TASK STATEMENT
Only the lines below from the one with "And last, but" through the one with "And then I also" are to be written out, exactly and without any images.

DATA PROVIDED

============

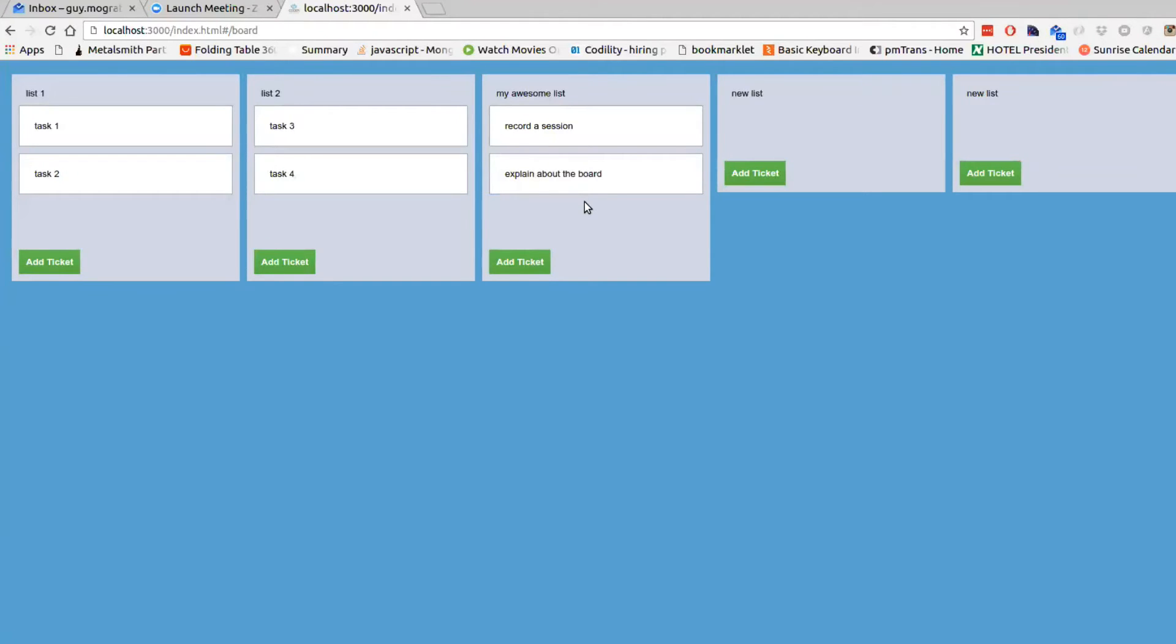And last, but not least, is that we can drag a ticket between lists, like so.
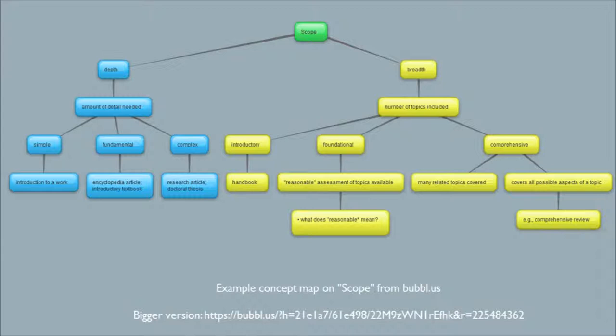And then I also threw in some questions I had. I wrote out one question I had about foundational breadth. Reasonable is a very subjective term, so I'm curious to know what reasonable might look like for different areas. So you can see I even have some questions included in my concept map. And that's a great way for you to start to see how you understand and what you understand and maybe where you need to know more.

============

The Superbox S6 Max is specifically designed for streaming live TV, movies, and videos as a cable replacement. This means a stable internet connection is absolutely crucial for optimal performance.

============

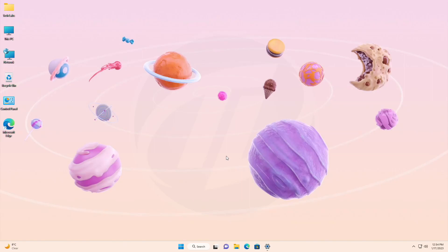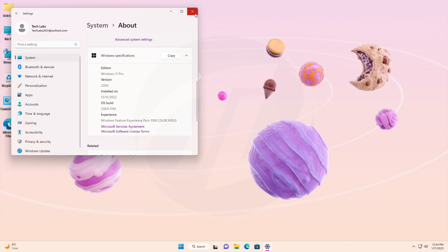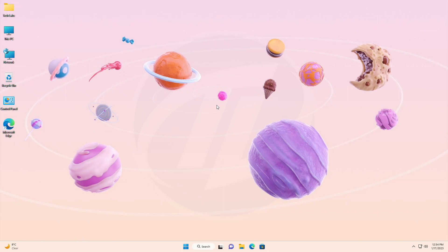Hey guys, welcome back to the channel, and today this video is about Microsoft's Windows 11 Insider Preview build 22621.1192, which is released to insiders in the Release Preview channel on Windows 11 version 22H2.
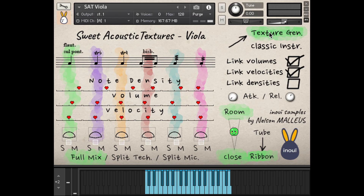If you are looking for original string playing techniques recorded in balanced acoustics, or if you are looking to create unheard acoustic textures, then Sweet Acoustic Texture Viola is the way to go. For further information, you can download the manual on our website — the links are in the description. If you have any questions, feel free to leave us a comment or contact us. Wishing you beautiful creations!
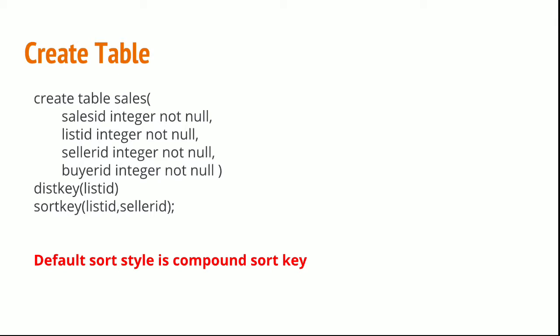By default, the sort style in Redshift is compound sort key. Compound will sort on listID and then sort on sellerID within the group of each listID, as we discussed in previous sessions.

============

RESULT
And last, but not least, is that we can drag a ticket between lists, like so.
And then I also threw in some questions I had. I wrote out one question I had about foundational breadth. Reasonable is a very subjective term, so I'm curious to know what reasonable might look like for different areas. So you can see I even have some questions included in my concept map. And that's a great way for you to start to see how you understand and what you understand and maybe where you need to know more.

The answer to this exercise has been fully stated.